Popular Economics Weekly
What is happening with manufacturing? The ISM manufacturing index jumped 1.7 points in February to a 57.7 level that beats the consensus by 1.3 points. This is the strongest rate of monthly growth in composite activity since August 2014. So does it mean Trump can keep his promise of bringing back those blue collar jobs lost to the likes of China?
It’s in spite of higher dollar exchange rates that have boosted consumer spending because of cheaper import prices, which dropped GDP growth in Q4 and the year, to 1.9 percent. (Import sales subtract from GDP growth.) So what gives?

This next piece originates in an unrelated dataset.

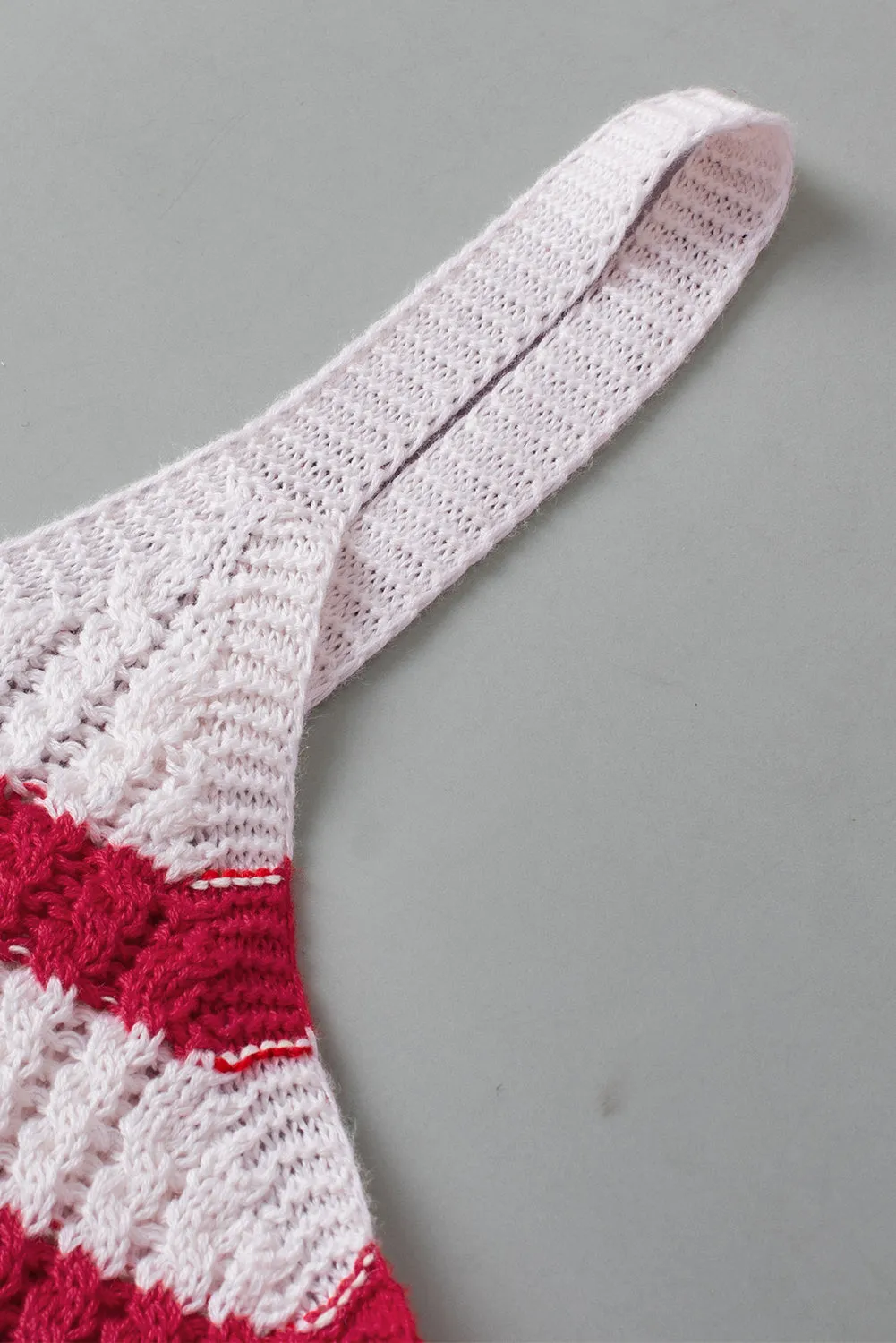Stars Stripes Flag Pattern Knitted Tank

Is it the Trump euphoria over his promise to cut taxes and regulations?
The report in fact is filled with superlatives led by a 4.7 point jump in new orders to 65.1. This rate of monthly growth was last matched in December 2013 and last exceeded in August 2009. Backlog orders jumped 7.5 points to 57.5 in a reading last exceeded in March 2014. Production is also very strong, up 1.5 points to a 62.9 level that is the best since March 2011.This is while consumer confidence index continues to make new post-election highs and new cycle highs at a 114.8 February level, which beats consensus estimates and makes for a strong 3.2 point gain from January.

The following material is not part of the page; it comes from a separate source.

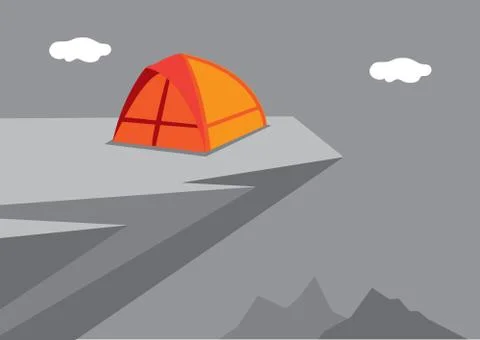 Camping Adventure Vector Illustration Stock Illustration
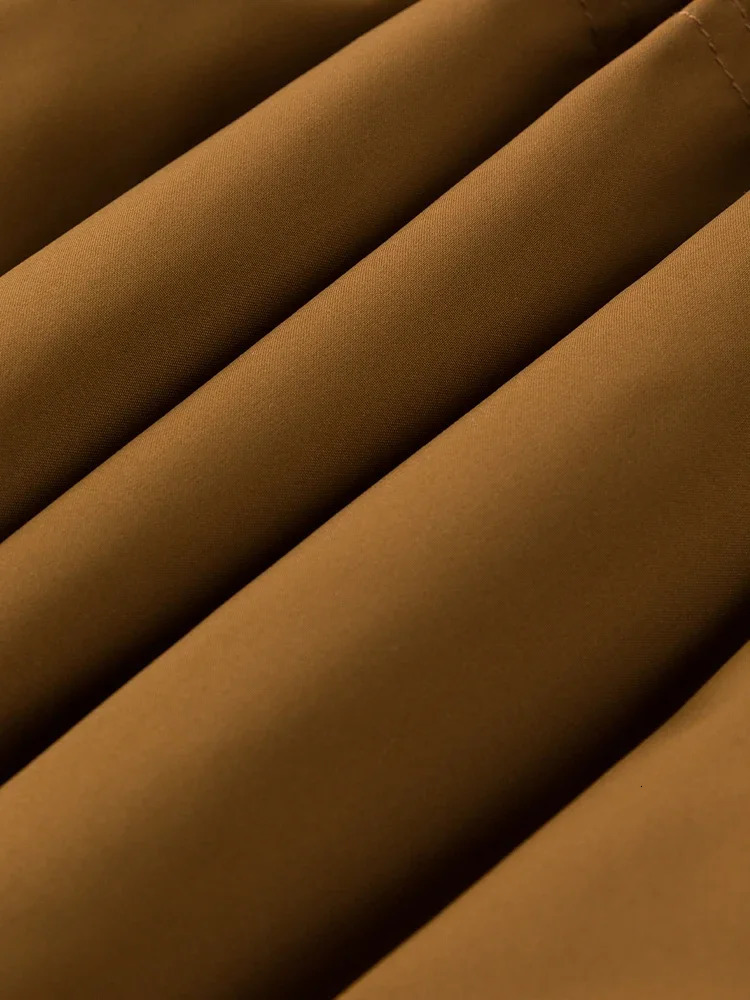 DUSHU 104G filling capacity detachable hooded short loose jacket winter brown down jacket womens white duck down jacket 241023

But beware, says Econoday, “This report perhaps is the greatest expression yet of post-election strength in anecdotal surveys, strength that has yet however to find its way to actual government data on the factory sector which have been consistently soft.”

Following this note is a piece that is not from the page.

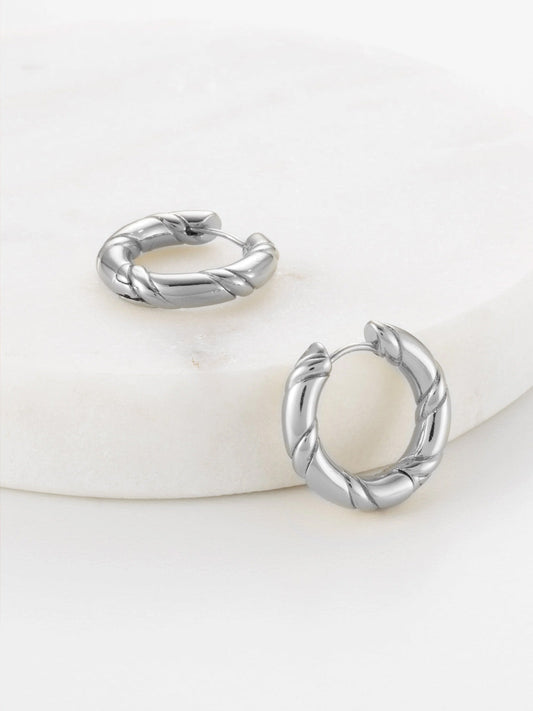 Image of Accessories. Productname: ZAFINO ALANNAH HOOP in Silver colour by brand - Zafino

The data includes just released auto sales, softer at 17.5 million units. Wrightson ICAP had estimated a seasonally adjusted annualized sales pace of 17.7 million. That would still be a little below the December/January average of 17.9 million, but would represent an increase of roughly 1 percent in both month-to-month and YOY terms. And it would be about 1.4 percent above the actual 2016 total of 17.46 million, which was a record high.
Then there is the January durable goods report for items that last 3 or more years. It shows the usual volatility behind which are sagging numbers for key readings, said Econoday. Aircraft, both domestic and defense, skewed durable goods orders sharply higher in January, up 1.8 percent to hit the consensus. Not hitting the consensus, however, are orders that exclude aircraft as well as all other transportation equipment. This reading fell 0.2 percent to come in well below Econoday’s low estimate for a 0.2 percent gain.
The worst news in the report is a 0.4 percent decline in orders for core capital goods (nondefense ex-aircraft). This ends 3 months of strength for this reading and pulls the rug out from expectations for a first-quarter business investment boom as indicated by business confidence readings.
And longer term investments happen when core capital expenditures are on the increase. So will the manufacturing boom continue?